[176] Amoretti reads: “three degrees east of Capo Verde.” If the cape is meant, the correction is proper, but if the islands, the MS. is correct. See Mosto, p. 67, note 4.
[177] Cipangu is Japan, while Sumbdit Pradit may be the island of Antilia, called “Septe citade” on Martin Behaim’s globe (Mosto, p. 67, note 5). The locations given by Pigafetta prove that they did not see them, but that he writes only from vague reports. Europe first learned of Japan, near the end of the thirteenth century, through Marco Polo, who had been told in China fabulous tales of the wealth of Zipangu. This word is derived by Marco Polo from the Chinese Dschi-pen-Kuë or Dschi-pon, which the Japanese have transformed into Nippon or Nihon. See Travels of Marco Polo, book iii, ch. ii; and Rein’s Japan, p. 4.

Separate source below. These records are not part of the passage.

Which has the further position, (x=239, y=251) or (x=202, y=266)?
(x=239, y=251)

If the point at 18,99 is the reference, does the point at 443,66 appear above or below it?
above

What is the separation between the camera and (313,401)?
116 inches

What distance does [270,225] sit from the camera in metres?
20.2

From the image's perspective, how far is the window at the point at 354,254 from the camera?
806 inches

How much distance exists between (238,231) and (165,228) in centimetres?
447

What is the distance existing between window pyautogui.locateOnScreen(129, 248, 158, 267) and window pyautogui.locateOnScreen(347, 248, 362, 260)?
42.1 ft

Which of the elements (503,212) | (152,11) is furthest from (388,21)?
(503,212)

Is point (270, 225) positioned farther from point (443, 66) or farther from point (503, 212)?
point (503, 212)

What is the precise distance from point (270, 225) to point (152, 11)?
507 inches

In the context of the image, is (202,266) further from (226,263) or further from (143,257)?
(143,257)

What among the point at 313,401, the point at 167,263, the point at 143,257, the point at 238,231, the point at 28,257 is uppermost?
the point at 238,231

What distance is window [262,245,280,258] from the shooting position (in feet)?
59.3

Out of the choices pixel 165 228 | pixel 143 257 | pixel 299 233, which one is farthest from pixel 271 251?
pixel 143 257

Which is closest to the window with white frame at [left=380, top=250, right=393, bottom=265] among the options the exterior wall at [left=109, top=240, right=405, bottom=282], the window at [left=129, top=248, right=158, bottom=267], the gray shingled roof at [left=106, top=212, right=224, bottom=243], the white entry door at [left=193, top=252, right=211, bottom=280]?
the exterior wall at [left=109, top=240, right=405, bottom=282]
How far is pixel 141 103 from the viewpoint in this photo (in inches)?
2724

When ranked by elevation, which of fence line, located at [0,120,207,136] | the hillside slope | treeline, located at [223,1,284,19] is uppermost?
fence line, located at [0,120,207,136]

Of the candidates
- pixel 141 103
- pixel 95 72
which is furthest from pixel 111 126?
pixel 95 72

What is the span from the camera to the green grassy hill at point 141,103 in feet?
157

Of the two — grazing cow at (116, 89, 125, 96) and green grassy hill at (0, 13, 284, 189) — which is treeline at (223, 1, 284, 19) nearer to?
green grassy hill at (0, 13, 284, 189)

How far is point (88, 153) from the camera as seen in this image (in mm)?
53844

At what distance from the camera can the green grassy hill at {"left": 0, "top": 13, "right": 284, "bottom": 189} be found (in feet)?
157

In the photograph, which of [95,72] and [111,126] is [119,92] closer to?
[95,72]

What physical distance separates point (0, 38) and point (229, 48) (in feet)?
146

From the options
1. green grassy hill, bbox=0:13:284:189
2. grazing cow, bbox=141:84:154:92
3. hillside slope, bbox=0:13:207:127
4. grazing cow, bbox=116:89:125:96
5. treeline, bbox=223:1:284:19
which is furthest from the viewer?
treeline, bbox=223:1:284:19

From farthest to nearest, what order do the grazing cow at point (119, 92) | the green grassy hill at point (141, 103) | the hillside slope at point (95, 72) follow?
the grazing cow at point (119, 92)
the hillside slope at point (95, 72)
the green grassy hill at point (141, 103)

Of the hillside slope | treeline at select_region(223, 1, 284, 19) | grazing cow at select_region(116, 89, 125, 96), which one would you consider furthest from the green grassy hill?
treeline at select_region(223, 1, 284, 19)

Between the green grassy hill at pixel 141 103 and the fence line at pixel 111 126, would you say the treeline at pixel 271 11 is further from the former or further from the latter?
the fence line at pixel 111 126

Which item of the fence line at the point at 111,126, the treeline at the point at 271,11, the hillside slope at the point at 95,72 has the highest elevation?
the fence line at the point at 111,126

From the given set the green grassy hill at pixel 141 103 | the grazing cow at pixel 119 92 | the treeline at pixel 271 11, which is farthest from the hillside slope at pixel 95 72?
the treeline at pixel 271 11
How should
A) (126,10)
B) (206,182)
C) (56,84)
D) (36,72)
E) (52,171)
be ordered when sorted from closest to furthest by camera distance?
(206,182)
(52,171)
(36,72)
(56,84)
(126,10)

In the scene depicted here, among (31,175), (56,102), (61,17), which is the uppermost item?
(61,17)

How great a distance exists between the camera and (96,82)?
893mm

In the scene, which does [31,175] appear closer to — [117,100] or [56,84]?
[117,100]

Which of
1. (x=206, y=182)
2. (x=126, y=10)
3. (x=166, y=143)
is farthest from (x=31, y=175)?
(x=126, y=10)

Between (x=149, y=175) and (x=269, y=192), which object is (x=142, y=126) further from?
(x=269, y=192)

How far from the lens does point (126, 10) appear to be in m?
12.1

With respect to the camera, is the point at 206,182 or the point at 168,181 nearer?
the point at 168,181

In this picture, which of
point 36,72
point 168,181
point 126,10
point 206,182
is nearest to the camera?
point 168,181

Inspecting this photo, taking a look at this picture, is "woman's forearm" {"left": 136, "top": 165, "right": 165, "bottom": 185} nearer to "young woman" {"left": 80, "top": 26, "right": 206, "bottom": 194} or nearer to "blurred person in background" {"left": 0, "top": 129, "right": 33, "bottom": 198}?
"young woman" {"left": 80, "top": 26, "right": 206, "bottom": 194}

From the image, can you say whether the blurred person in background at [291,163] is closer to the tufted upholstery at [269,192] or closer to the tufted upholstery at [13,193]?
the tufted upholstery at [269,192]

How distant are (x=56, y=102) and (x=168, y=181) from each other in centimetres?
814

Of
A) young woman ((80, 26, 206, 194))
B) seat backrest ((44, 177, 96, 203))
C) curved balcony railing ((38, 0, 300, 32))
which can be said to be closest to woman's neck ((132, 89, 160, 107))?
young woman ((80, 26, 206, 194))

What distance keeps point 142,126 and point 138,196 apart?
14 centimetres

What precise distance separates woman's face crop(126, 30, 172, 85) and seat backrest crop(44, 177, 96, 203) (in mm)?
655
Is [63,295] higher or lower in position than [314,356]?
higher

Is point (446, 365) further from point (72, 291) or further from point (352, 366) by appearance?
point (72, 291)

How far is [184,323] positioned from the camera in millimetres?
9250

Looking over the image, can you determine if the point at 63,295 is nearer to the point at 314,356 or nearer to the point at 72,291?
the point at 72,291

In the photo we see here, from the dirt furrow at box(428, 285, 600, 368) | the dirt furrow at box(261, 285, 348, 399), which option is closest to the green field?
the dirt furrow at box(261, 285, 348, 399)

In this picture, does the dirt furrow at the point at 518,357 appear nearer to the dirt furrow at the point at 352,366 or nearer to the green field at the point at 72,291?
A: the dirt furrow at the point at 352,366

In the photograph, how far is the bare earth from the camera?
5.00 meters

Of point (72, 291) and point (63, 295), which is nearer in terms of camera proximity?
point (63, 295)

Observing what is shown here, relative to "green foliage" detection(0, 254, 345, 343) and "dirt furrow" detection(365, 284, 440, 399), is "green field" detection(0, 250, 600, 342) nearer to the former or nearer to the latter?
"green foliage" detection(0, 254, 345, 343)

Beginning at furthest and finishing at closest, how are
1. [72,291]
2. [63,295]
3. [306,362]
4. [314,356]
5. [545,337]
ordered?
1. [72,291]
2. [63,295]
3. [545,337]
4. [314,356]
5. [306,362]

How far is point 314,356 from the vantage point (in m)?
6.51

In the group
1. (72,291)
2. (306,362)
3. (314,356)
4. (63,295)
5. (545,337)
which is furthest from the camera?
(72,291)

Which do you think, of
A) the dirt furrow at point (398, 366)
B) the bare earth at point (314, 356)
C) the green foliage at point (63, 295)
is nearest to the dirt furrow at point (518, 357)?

[178] See Vol. I, pp. 208, 209, 210, 312, 336.
[179] MS. 5,650 reads: “sixty.” Transylvanus (Vol. I, p. 322) names two islands of the Ladrones Inuagana and Acacan, but says that both were uninhabited. Guillemard (ut supra, p. 223) conjectures these names to be identical with Agana in Guam and Sosan in Rota. Hugues (Mosto, p. 67, note 7) believes the first island visited to have been Guam, and his conjecture is undoubtedly correct.
[180] MS. 5,650 adds: “called skiff.”
[181] MS. 5,650 adds: “of the said island.”
[182] MS. 5,650 has a new unnumbered chapter heading before the following paragraph.
[183] This phrase is omitted in MS. 5,650, as is also all the following sentence; but that MS. adds: “We left the said island immediately afterward, and continued our course.” This was on March 9, on which day the only Englishman in the fleet, “Master Andrew” of Bristol, died (Guillemard, ut supra, p. 226).
[184] Eden (p. 254) says: “two hundreth of theyr boates.”
[185] MS. 5,650 has a new chapter at this point, although the chapter is unnumbered.